• What is expected
Where a picture appears, leave it out; copy everything else in the records exactly.

┄┄┄┄┄┄┄┄┄┄┄┄┄┄┄┄┄┄┄┄

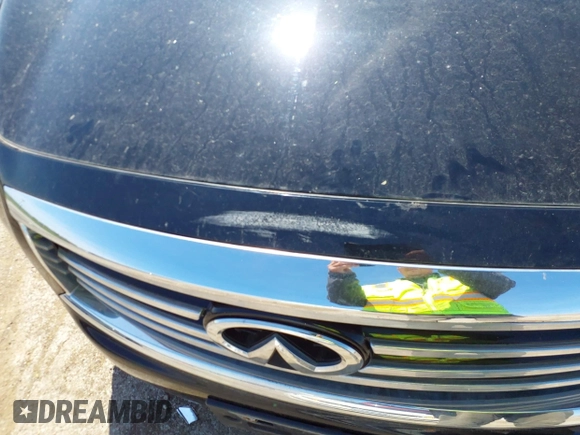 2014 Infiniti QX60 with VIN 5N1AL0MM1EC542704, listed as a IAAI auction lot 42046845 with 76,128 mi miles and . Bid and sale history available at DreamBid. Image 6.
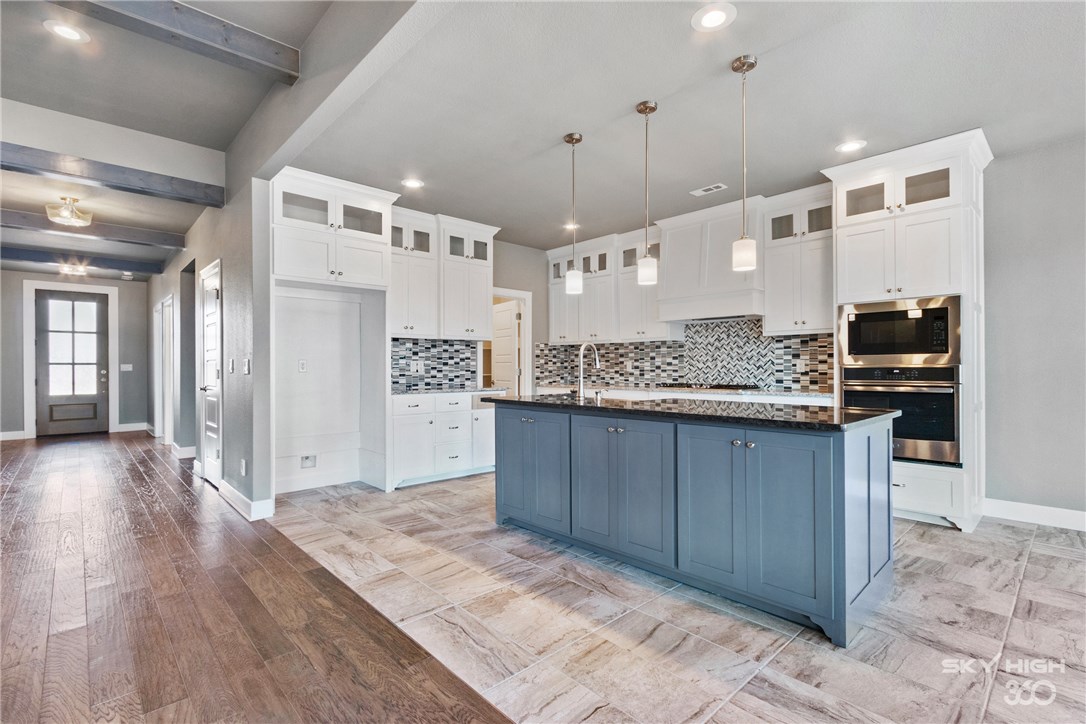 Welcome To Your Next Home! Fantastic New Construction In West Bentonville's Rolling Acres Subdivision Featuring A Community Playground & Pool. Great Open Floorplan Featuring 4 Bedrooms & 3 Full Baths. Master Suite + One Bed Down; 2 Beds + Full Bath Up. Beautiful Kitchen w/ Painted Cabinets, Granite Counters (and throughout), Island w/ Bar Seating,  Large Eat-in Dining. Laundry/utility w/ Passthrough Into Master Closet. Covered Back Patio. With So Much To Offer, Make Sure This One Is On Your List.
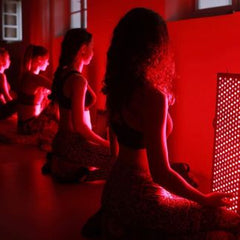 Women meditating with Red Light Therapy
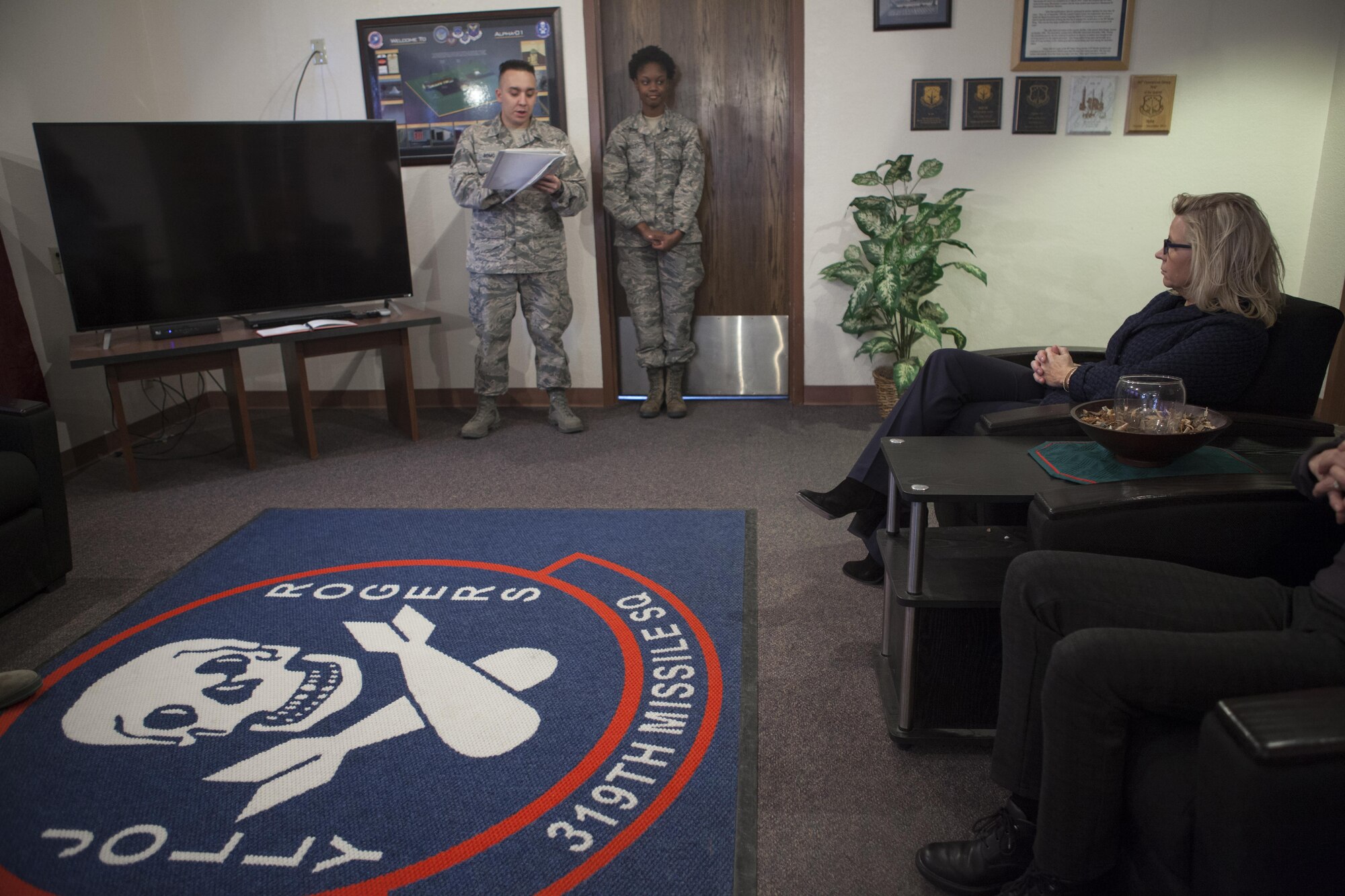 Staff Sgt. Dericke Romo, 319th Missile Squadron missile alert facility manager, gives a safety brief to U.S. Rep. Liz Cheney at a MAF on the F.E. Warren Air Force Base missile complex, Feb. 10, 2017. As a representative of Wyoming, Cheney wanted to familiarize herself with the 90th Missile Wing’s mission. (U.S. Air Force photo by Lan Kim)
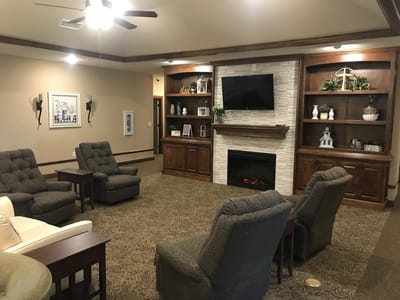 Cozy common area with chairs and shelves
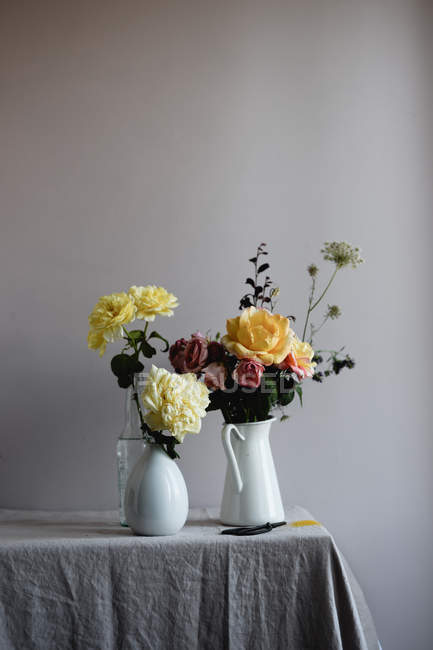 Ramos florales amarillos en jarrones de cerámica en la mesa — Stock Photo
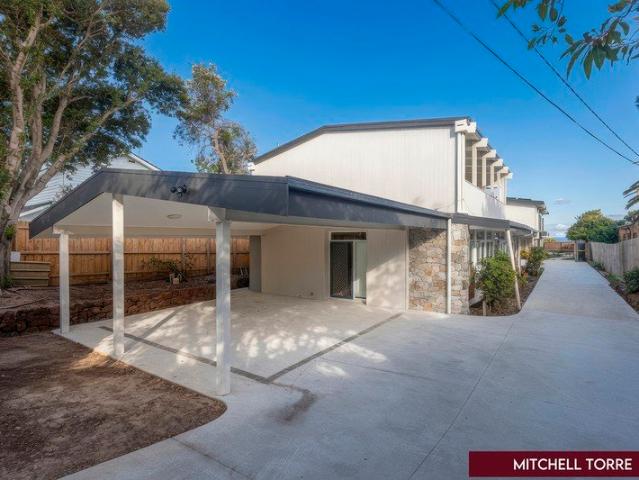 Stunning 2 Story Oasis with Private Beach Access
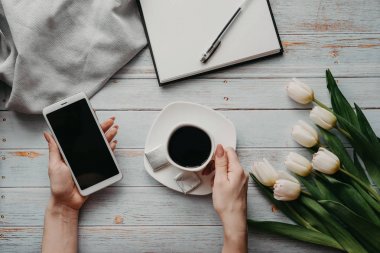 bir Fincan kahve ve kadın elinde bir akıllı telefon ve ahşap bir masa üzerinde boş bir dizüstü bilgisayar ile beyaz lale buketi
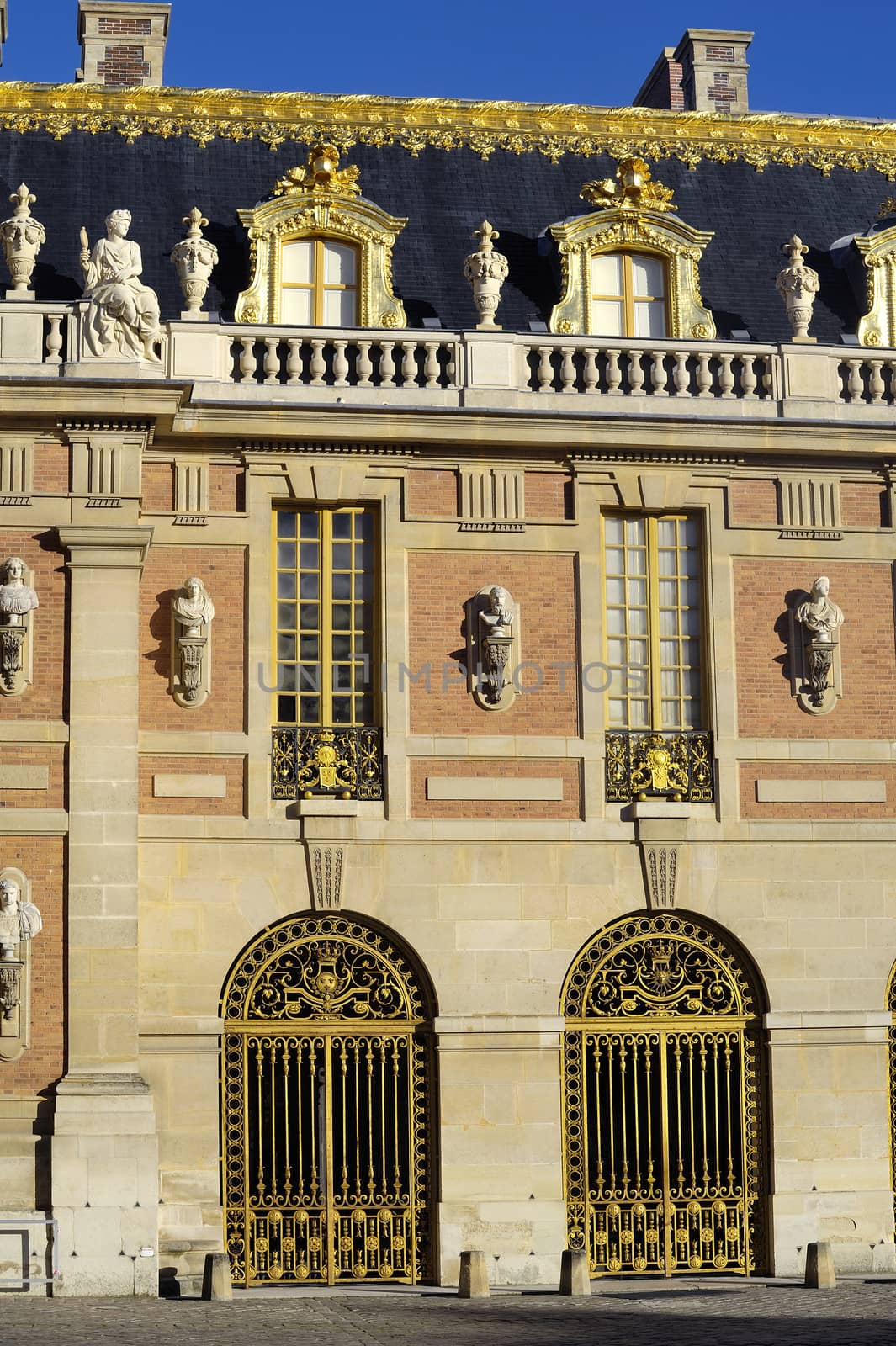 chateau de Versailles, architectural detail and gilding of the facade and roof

┄┄┄┄┄┄┄┄┄┄┄┄┄┄┄┄┄┄┄┄

• Result below
 2014 Infiniti QX60 with VIN 5N1AL0MM1EC542704, listed as a IAAI auction lot 42046845 with 76,128 mi miles and . Bid and sale history available at DreamBid. Image 6.
 Welcome To Your Next Home! Fantastic New Construction In West Bentonville's Rolling Acres Subdivision Featuring A Community Playground & Pool. Great Open Floorplan Featuring 4 Bedrooms & 3 Full Baths. Master Suite + One Bed Down; 2 Beds + Full Bath Up. Beautiful Kitchen w/ Painted Cabinets, Granite Counters (and throughout), Island w/ Bar Seating,  Large Eat-in Dining. Laundry/utility w/ Passthrough Into Master Closet. Covered Back Patio. With So Much To Offer, Make Sure This One Is On Your List.
 Women meditating with Red Light Therapy
 Staff Sgt. Dericke Romo, 319th Missile Squadron missile alert facility manager, gives a safety brief to U.S. Rep. Liz Cheney at a MAF on the F.E. Warren Air Force Base missile complex, Feb. 10, 2017. As a representative of Wyoming, Cheney wanted to familiarize herself with the 90th Missile Wing’s mission. (U.S. Air Force photo by Lan Kim)
 Cozy common area with chairs and shelves
 Ramos florales amarillos en jarrones de cerámica en la mesa — Stock Photo
 Stunning 2 Story Oasis with Private Beach Access
 bir Fincan kahve ve kadın elinde bir akıllı telefon ve ahşap bir masa üzerinde boş bir dizüstü bilgisayar ile beyaz lale buketi
 chateau de Versailles, architectural detail and gilding of the facade and roof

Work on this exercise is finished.